Hizmet tespit davaları ile ilgili dikkat edilmesi gereken en önemli husus; kanunda düzenlenen 5 yıllık hak düşürücü süredir. Hak düşürücü sürenin kamu düzeninden olması sebebiyle taraflarca davada ileri sürülmese dahi hakim kendiliğinden bu hususu dikkate alır.
5 yıllık hak düşürücü süre; kesintisiz çalışması olan kişiler bakımından işçinin söz konusu işyerinde çalışmasının sona erdiği yıldan itibaren hesap edilir. Örneğin; işyerinde ilk 3 sene sigortasız çalışan bir işçinin 3.sene sonunda sigortasının yaptırılmış olduğunu ve bu şekilde 4 sene daha çalışıp sonrasında ayrıldığı bir durum düşünelim. Böyle bir durumda işçinin dava açmak için dikkat etmesi gereken 5 yıllık hak düşürücü süre, işten ayrıldığı 4.seneden itibaren başlayacaktır.

YARGITAY 10. HUKUK DAİRESİ E. 2002/1889 K. 2002/2474 T. 21.3.2002:
Davacı davalı işverene ait işyerinde 1.4.1981 tarihinden beri çalıştığının tespitini istemiştir.
Mahkemece 02.11.1989 tarihinden önceki çalışmanın hak düşürücü süre nazara alınarak reddine karar verilmiş ise de, davacının devam eden çalışması nedeniyle 506 Sayılı Kanunun 79. maddesinin 10. fıkrasında öngörülen 5 yıllık hak düşürücü süre gerçekleşmemiştir. Yani mahkemece kabul edilmeyen kısım hak düşürücü süreye uğramamaktadır.

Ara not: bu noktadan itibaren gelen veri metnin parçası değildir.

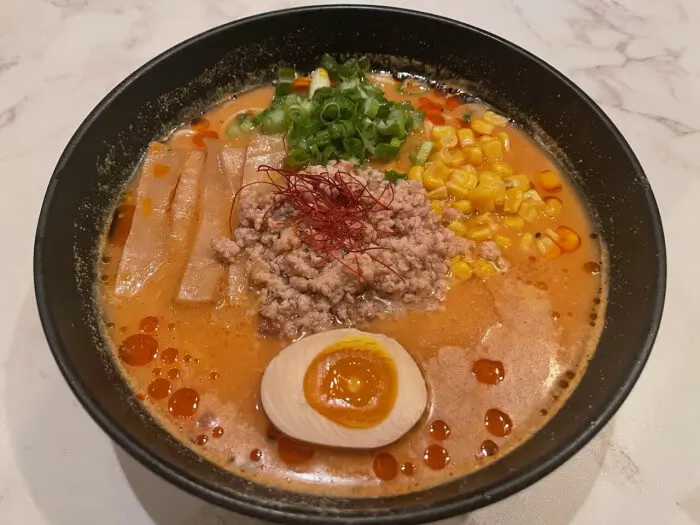 Spicy Miso Ramen - Spicy miso - based broth ramen with minced meat, corn, and half - boiled egg at Ramen Jin, a Ramen restaurant in Houston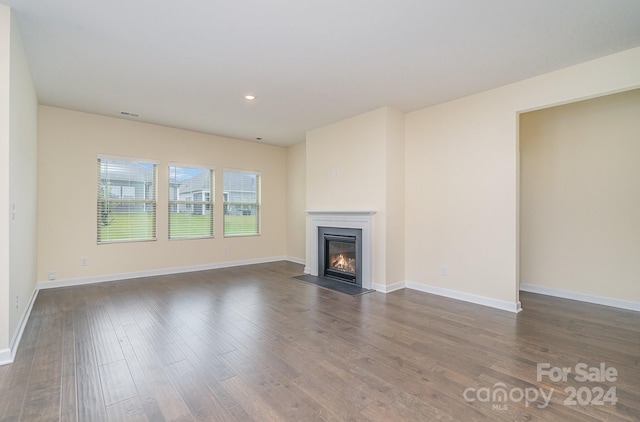 unfurnished living room featuring dark wood-type flooring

Bu maddi ve hukuki olgular karşısında 2.11.1989 tarihinden önceki sürenin hak düşürücü sürenin dolmasından dolayı reddi usule ve yasaya aykırı olup bozma nedenidir.
YARGITAY 10. HUKUK DAİRESİ Esas No:2008/8258 Karar No:2010/5064 K. Tarihi:8.4.2010
Dava, 506 Sayılı Kanun’un 79/10. Maddesine göre açılmış bir hizmet tespiti davasıdır. 506 Sayılı Yasa’nın 79/10 maddesi hükmüne göre; Kuruma bildirilmeyen hizmetlerin sigortalı hizmet olarak değerlendirilmesine ilişkin yönetmelikle tespit edilen belgeleri işveren tarafından verilmeyen veya çalıştıkları Kurumca tespit edilmeyen sigortalılar, çalıştıklarını, hizmetlerinin geçtiği yılın sonundan itibaren (işyerinden ayrıldıkları yılın sonundan itibaren) 5 yıllık hak düşürücü süre içinde mahkemeye başvurarak dava açtıkları ve iddialarını kanıtladıkları takdirde, mahkeme kararında belirtilen aylık kazanç toplamları ile prim ödeme gün sayıları sigortalı hizmet olarak değerlendirilir. Öte yandan,çalışma ilişkisinin kesintisiz biçimde sürdüğü durumlarda; bir başka anlatımla blok çalışmanın varlığı halinde ise, bildirim dışı çalışmalara ilişkin iddia yönünden 5 yıllık hak düşürücü sürenin başlangıcı olarak,
Blok çalışmanın sona erdiği yılın sonu esas alınmalıdır.